- [Input for this task]
▶

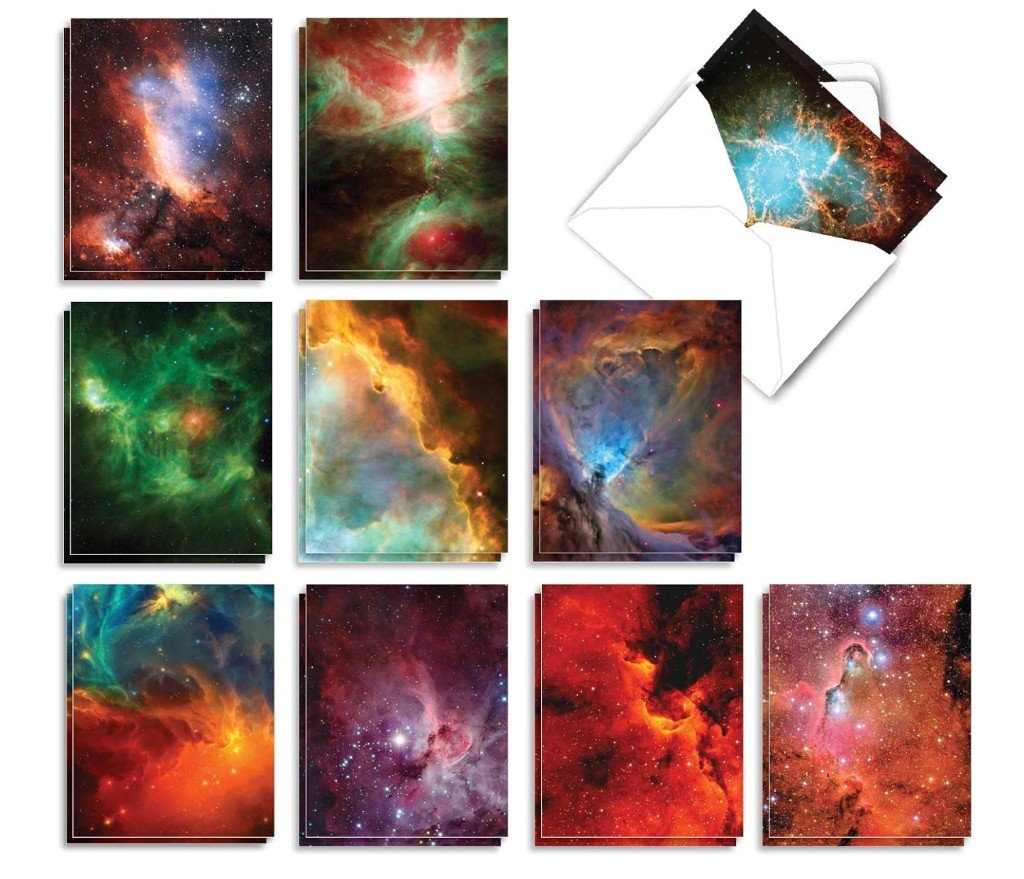 Twenty-pack galaxy blank note card set with colorful nebula and Milky Way space photography in ten unique designs, shown with white envelopes.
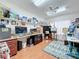 Studio space featuring a computer station and artwork at 4817 Summerbridge Cir, Leesburg, FL 34748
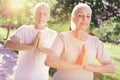 Close up of peaceful family meditating outdoors Royalty Free Stock Photo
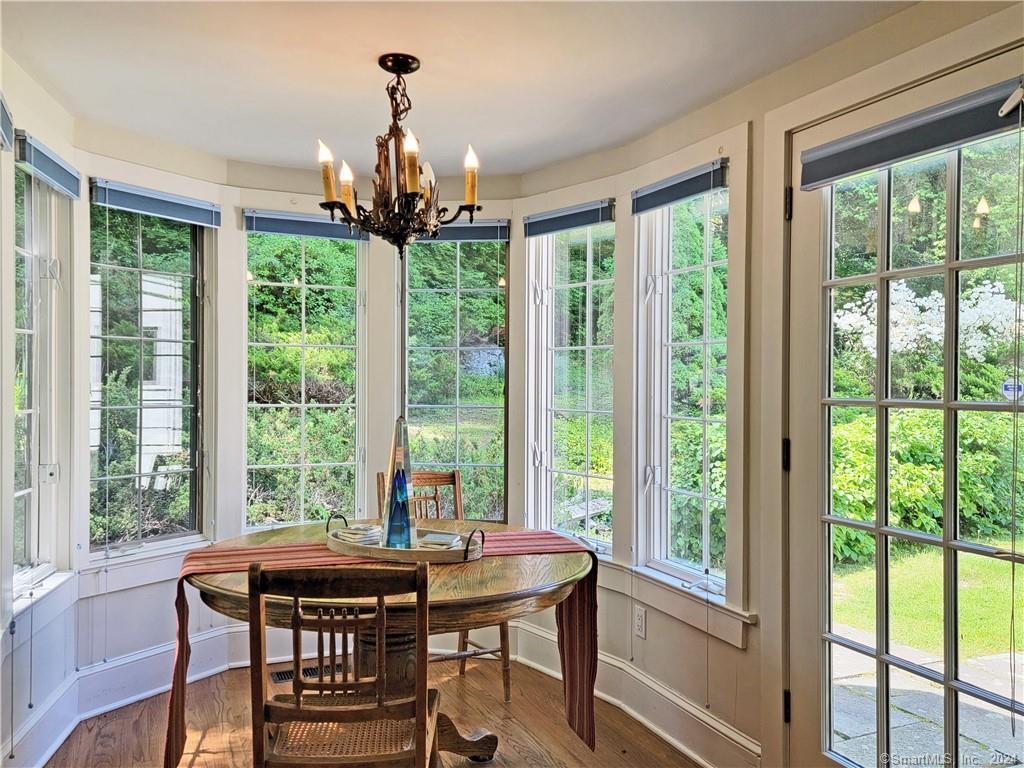 22 Ketcham Road Ridgefield, CT 06877 - Photo 37 of 40 a view of a dining room with furniture window and outside view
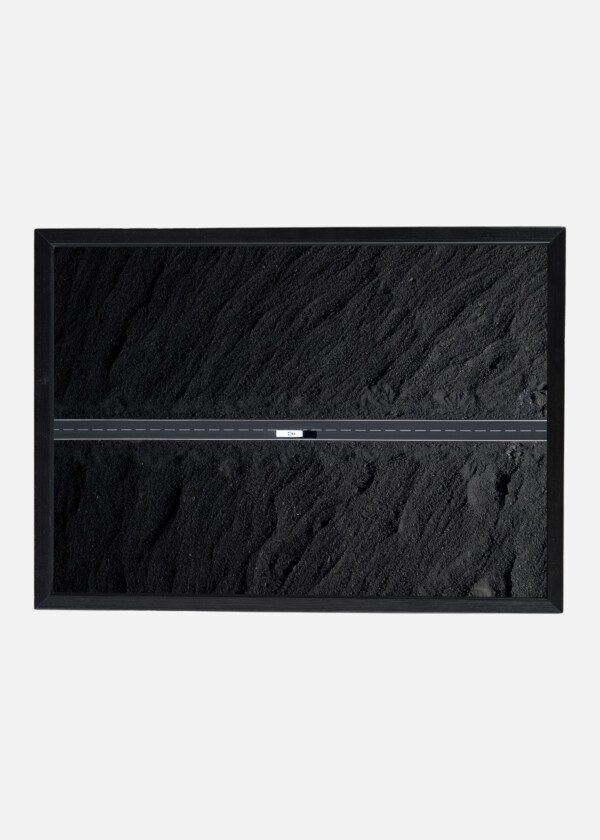 THE ROAD WITH WHITE LINES IS SURROUNDED BY BLACK VOLCANIC LAVA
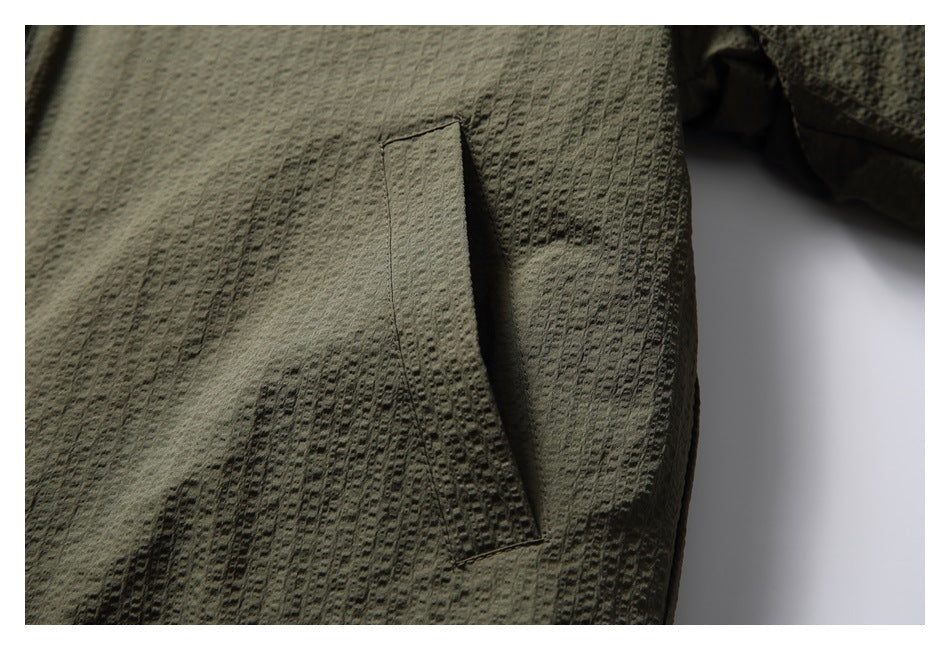 Close-up of a vertical welt pocket on the olive jacket.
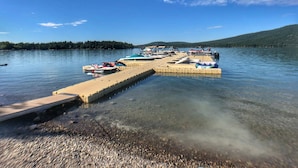 A clear lake with a dock extending into the water, surrounded by trees and hills.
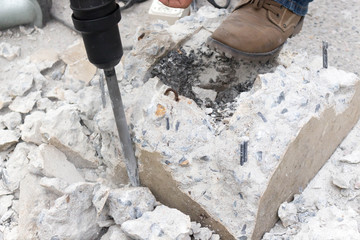 Drilling hole into concrete - 134605153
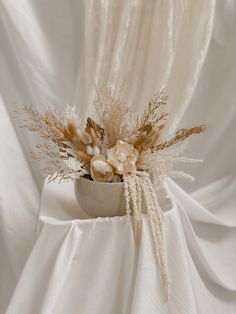 an arrangement of dried flowers in a vase on a white cloth draped chair with drapes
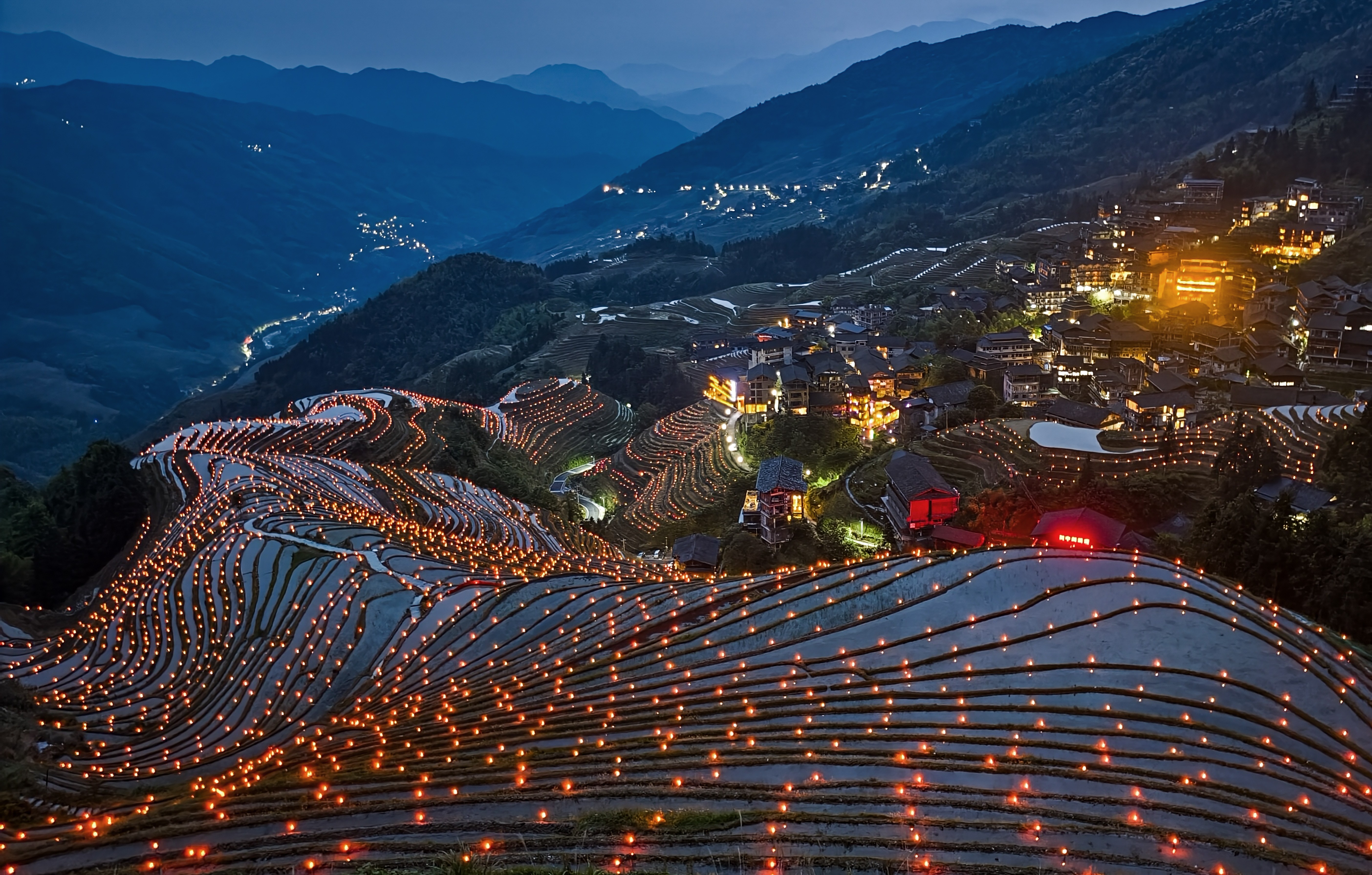 A view, looking down on terraced ricefields with decorative lights set up along the edges.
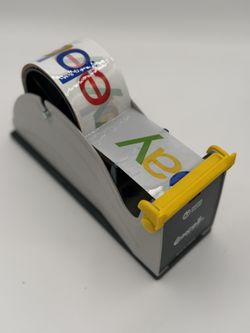 Tape Dispenser And Tape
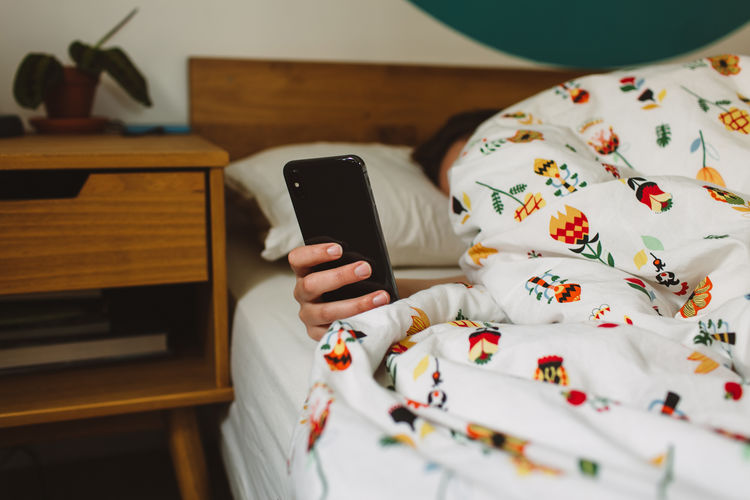 Unrecognizable female checking time on smartphone while lying under blanket in cozy bed in morning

◀

- [Requirement] Return, exactly as they stand, the lines from the opening line of the listing through the line with "THE ROAD WITH", both ends counted, and no pictures.

- [Output below]
 Twenty-pack galaxy blank note card set with colorful nebula and Milky Way space photography in ten unique designs, shown with white envelopes.
 Studio space featuring a computer station and artwork at 4817 Summerbridge Cir, Leesburg, FL 34748
 Close up of peaceful family meditating outdoors Royalty Free Stock Photo
 22 Ketcham Road Ridgefield, CT 06877 - Photo 37 of 40 a view of a dining room with furniture window and outside view
 THE ROAD WITH WHITE LINES IS SURROUNDED BY BLACK VOLCANIC LAVA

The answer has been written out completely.